If you want to learn even more than what there is time to cover in the podcast series, you can find the book “Control Your Retirement Destiny” on Amazon.
Or, if you are looking for a customized plan for your retirement, visit us at sensiblemoney.com to see how we can help.
Chapter 5 – Podcast Script
Hi, this is Dana Anspach. I’m the founder and CEO of Sensible Money, a fee-only financial planning firm. I’m also the author of "Control Your Retirement Destiny," a book that covers all the decisions you need to make as you plan for a transition into retirement.

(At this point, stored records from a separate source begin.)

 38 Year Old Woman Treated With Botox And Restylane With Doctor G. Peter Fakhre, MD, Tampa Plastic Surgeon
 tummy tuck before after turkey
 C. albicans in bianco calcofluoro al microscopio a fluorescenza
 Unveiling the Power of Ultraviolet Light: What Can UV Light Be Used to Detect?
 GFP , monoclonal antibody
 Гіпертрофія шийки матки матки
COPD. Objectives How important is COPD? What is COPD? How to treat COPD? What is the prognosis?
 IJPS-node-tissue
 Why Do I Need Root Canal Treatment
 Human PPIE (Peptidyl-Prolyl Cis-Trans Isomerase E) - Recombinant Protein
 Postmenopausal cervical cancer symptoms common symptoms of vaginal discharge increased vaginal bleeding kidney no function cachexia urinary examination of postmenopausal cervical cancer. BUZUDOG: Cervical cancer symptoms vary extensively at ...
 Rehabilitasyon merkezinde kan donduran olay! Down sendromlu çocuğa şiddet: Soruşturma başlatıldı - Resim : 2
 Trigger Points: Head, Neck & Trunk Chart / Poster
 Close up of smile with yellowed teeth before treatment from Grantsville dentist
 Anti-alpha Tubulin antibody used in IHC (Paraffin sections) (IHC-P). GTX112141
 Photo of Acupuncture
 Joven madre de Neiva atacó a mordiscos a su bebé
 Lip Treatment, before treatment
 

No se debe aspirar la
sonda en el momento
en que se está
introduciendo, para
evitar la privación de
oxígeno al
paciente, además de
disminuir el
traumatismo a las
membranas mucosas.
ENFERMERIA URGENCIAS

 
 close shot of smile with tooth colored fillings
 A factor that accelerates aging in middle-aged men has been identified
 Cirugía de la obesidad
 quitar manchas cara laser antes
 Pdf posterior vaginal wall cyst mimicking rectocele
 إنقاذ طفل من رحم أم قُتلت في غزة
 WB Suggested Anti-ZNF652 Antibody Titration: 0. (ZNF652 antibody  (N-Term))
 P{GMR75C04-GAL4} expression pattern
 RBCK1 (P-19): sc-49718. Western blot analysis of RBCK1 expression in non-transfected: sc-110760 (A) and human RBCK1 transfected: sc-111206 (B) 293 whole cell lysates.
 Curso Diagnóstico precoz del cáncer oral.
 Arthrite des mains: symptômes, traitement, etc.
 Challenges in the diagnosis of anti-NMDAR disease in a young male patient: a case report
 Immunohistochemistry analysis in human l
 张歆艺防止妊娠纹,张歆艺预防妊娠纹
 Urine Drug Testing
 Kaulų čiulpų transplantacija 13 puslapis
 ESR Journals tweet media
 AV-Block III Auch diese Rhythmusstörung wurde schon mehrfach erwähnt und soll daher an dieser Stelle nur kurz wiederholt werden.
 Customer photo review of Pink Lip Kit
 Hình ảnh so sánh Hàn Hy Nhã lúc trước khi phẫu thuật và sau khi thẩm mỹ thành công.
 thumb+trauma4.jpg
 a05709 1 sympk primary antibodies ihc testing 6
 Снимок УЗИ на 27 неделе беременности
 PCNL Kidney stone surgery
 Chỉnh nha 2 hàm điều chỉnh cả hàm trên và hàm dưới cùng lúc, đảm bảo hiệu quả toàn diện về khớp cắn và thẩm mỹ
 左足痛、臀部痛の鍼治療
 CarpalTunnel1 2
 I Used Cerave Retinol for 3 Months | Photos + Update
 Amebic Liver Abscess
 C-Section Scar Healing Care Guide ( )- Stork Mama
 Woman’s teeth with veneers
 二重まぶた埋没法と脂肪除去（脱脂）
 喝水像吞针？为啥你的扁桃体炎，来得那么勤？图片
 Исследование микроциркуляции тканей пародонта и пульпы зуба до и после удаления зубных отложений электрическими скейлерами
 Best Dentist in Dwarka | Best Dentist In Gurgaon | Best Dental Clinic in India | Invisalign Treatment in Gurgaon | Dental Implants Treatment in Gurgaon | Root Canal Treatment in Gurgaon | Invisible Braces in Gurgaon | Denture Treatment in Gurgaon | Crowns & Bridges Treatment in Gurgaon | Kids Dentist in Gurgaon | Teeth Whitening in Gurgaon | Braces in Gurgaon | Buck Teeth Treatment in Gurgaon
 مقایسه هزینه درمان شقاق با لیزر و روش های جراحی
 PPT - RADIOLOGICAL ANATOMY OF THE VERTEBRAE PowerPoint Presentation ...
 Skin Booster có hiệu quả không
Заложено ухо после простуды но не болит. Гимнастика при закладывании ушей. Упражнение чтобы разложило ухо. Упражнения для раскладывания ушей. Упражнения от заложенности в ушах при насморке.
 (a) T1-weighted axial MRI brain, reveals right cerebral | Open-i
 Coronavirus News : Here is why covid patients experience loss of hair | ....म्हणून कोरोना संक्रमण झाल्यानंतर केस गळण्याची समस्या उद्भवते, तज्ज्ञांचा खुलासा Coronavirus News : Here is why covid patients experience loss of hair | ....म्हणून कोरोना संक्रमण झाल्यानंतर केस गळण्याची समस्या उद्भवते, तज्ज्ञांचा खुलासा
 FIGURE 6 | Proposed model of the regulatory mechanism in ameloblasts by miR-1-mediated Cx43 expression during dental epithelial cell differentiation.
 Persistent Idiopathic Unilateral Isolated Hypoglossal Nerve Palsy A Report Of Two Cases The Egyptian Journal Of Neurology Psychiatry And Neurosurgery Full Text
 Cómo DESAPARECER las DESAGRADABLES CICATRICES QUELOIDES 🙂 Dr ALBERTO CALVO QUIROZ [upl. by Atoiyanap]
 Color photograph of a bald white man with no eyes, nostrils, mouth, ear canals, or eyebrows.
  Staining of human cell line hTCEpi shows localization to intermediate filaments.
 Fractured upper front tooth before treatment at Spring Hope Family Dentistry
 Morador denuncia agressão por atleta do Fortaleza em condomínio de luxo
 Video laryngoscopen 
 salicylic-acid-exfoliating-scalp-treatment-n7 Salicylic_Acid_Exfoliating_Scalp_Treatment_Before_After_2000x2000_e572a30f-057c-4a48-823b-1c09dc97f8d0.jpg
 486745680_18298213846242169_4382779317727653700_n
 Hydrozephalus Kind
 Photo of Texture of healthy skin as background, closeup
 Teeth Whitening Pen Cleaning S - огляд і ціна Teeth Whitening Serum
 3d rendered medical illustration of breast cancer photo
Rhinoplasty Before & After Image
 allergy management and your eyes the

The book has outstanding 5-stars reviews on Amazon. If you like what you hear today, go to Amazon and search for "Control Your Retirement Destiny." Or, if you are looking for a customized plan, visit sensiblemoney.com to see how we can help.
In this podcast, I’ll be covering the material in Chapter 5 on investing. We’ll continue the case study of Wally and Sally, and look at how the plan we created for them in Chapters 2 through 4 becomes the blueprint for how they should invest.
Let’s get started.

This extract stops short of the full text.